** Provided data **

== Segment start ==

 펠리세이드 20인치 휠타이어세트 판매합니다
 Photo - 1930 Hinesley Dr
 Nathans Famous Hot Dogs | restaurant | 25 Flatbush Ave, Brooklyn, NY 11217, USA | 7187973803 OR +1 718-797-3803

== Segment end ==
== Segment start ==

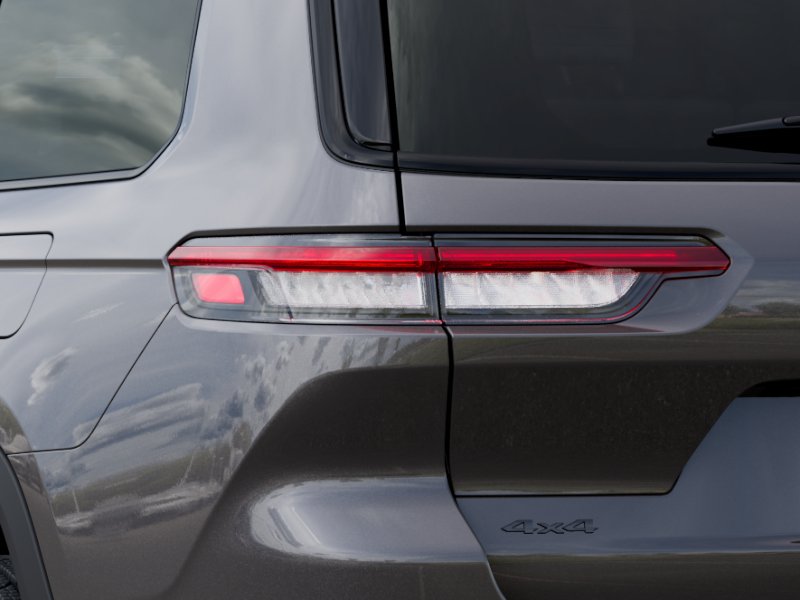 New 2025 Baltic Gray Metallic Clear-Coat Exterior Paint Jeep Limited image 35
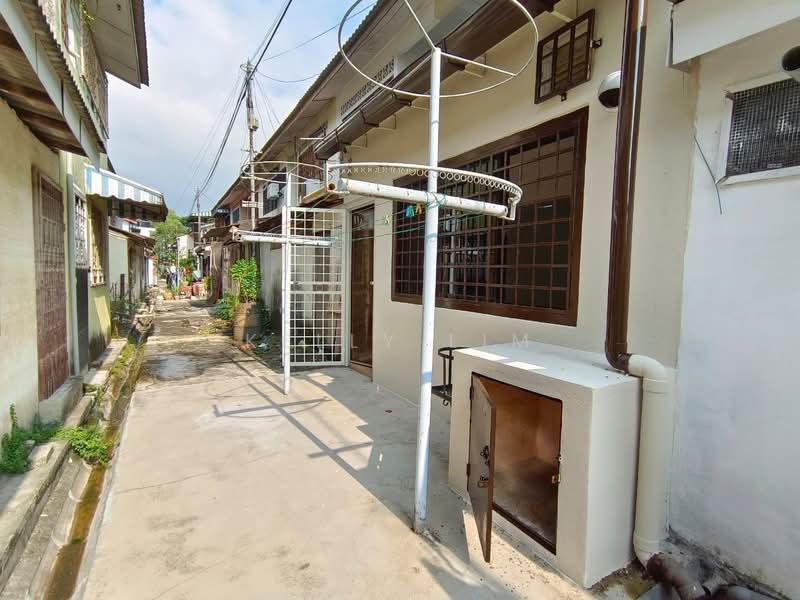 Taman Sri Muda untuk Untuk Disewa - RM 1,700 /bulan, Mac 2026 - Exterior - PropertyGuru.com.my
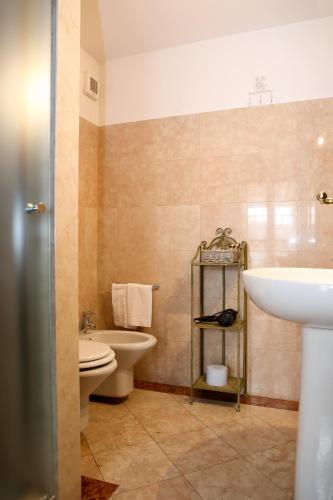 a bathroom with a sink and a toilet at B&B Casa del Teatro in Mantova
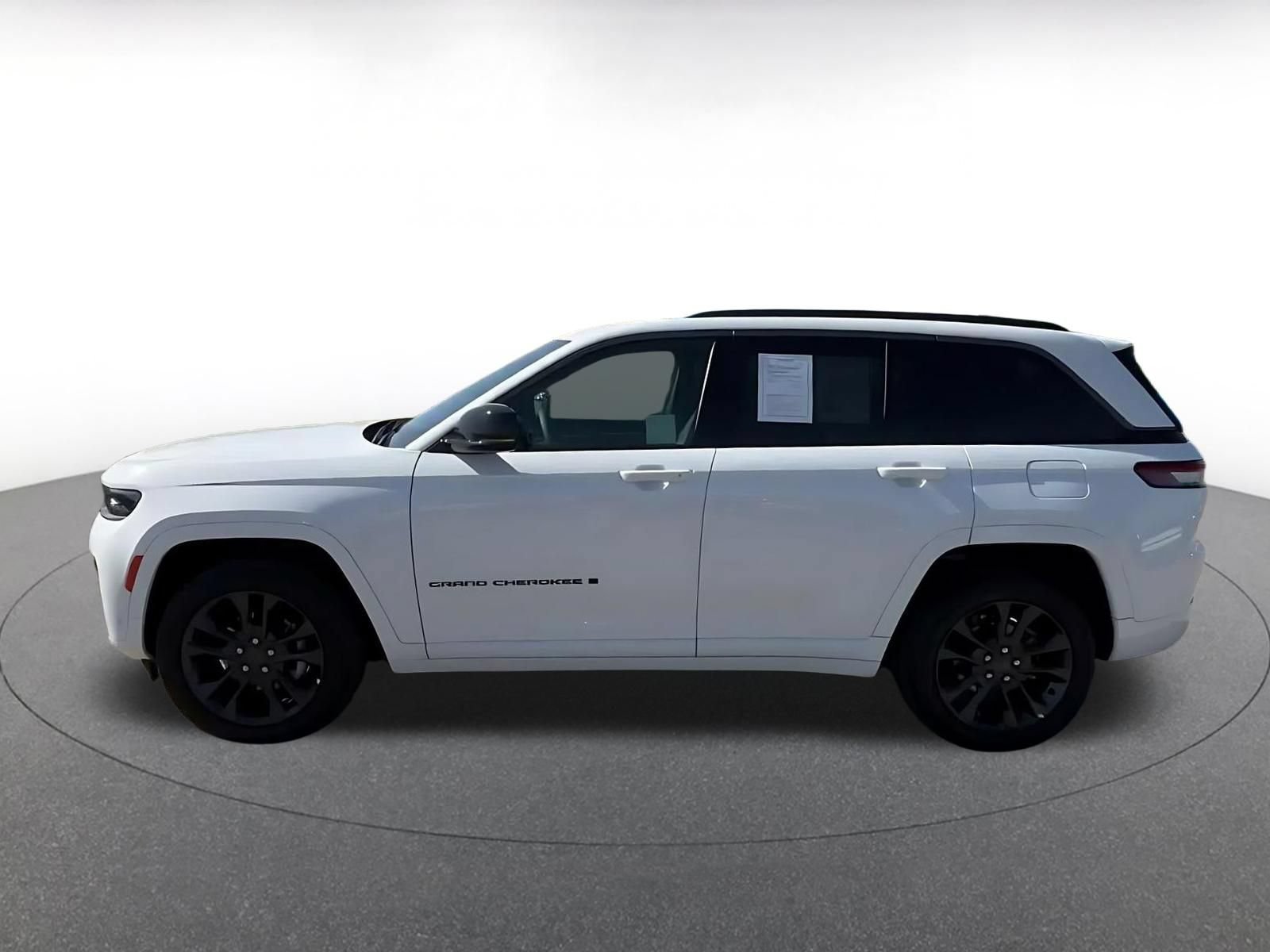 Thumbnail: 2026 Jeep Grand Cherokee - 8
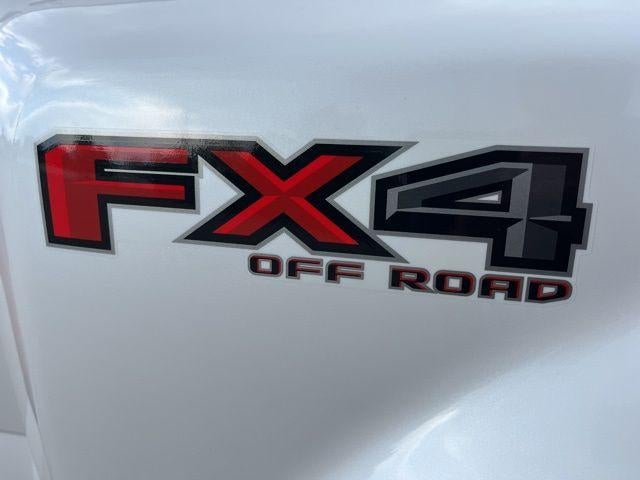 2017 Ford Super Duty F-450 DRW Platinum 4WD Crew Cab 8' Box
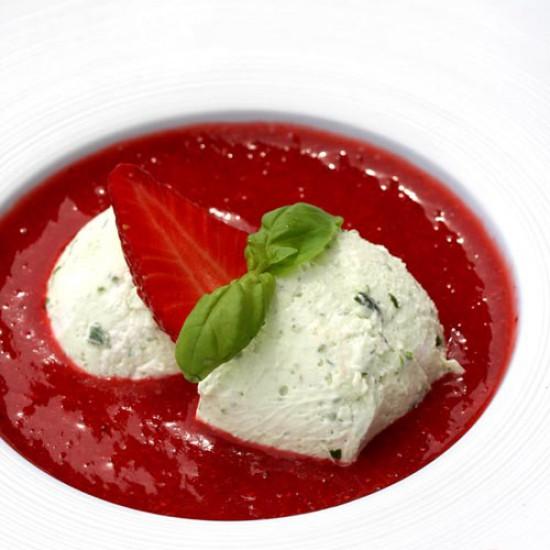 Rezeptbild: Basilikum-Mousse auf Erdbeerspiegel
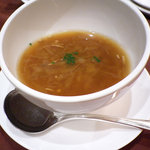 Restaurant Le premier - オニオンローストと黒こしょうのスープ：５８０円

== Segment end ==
== Segment start ==

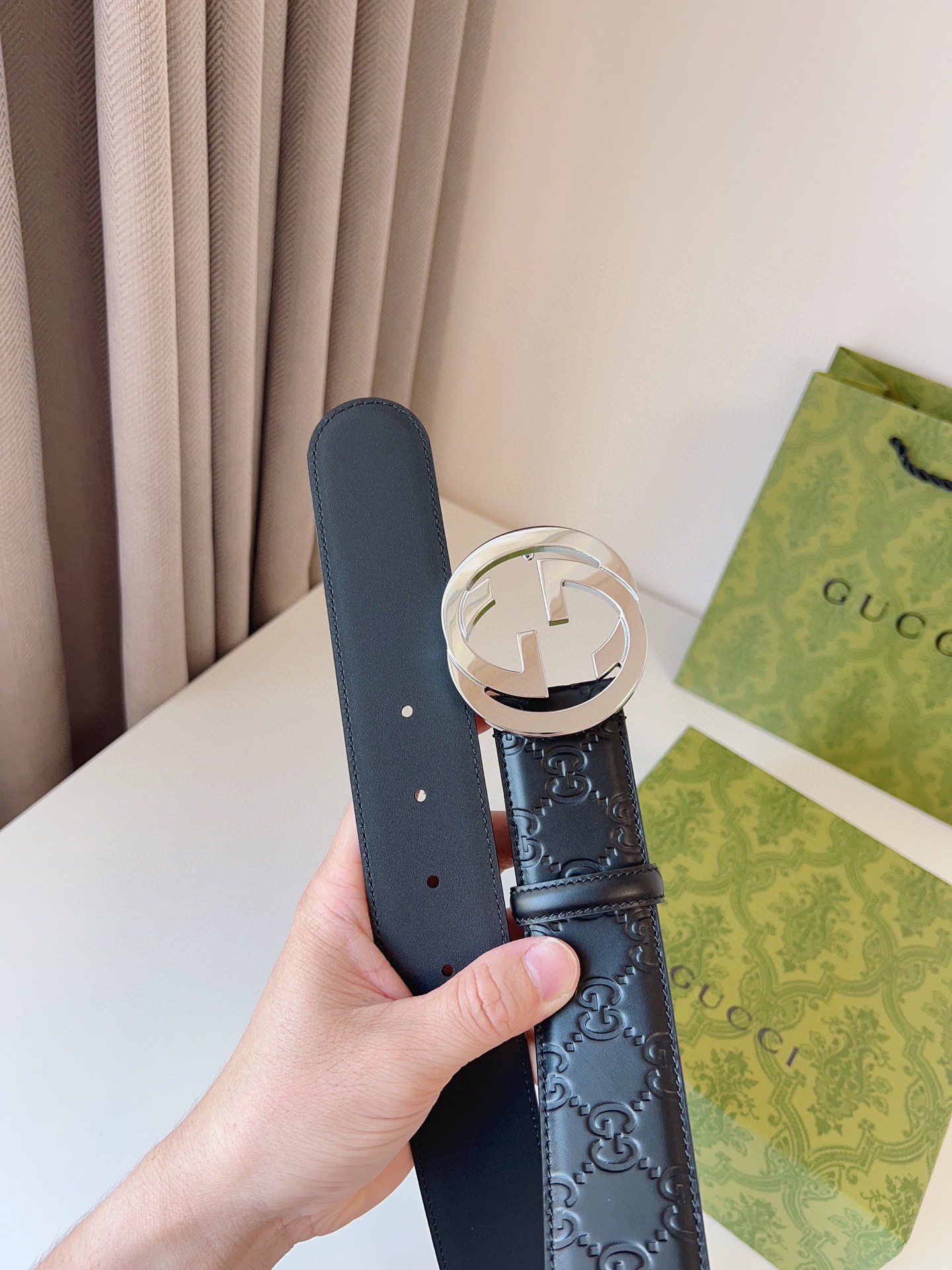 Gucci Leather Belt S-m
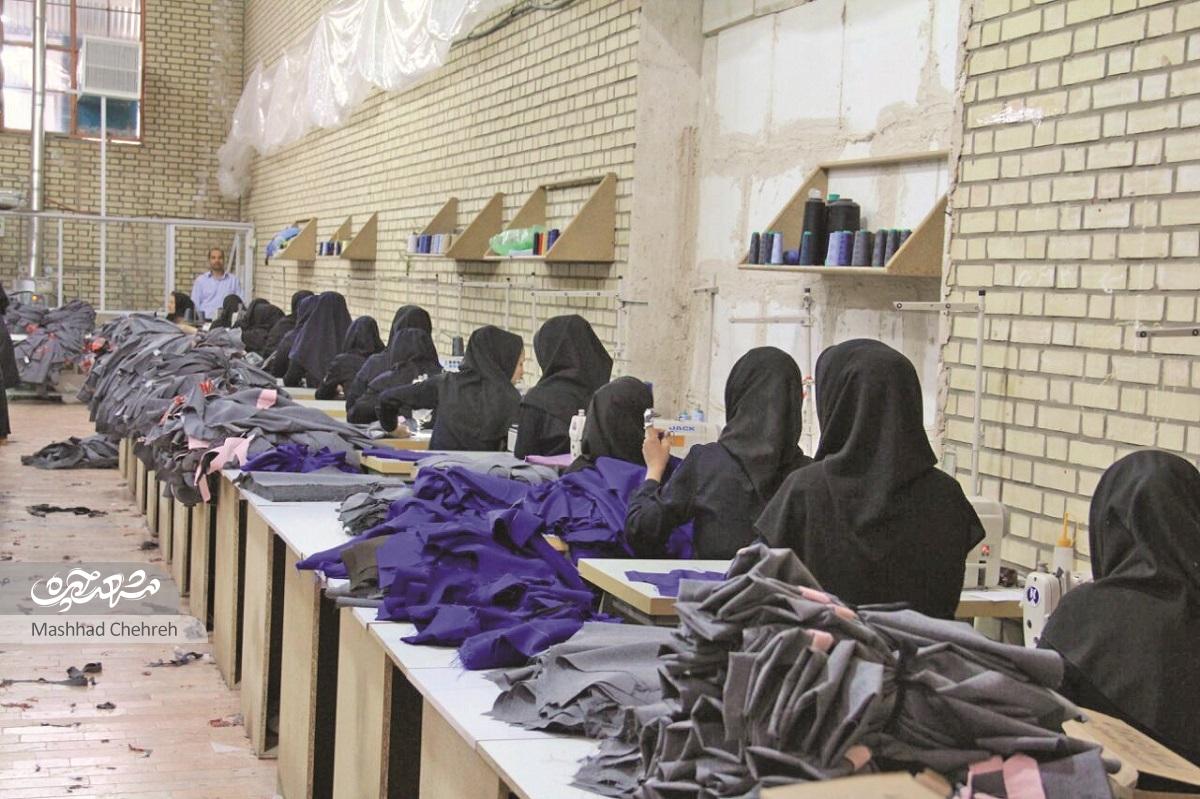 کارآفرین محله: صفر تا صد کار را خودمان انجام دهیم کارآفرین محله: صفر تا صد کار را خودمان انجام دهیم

== Segment end ==

** What needs to be done **
All pictures are to be skipped. Output, word for word, the lines in the data above starting at the line containing "Rezeptbild: Basilikum-Mousse auf" and ending at the line containing "Restaurant Le premier".

** Solved exercise **
 Rezeptbild: Basilikum-Mousse auf Erdbeerspiegel
 Restaurant Le premier - オニオンローストと黒こしょうのスープ：５８０円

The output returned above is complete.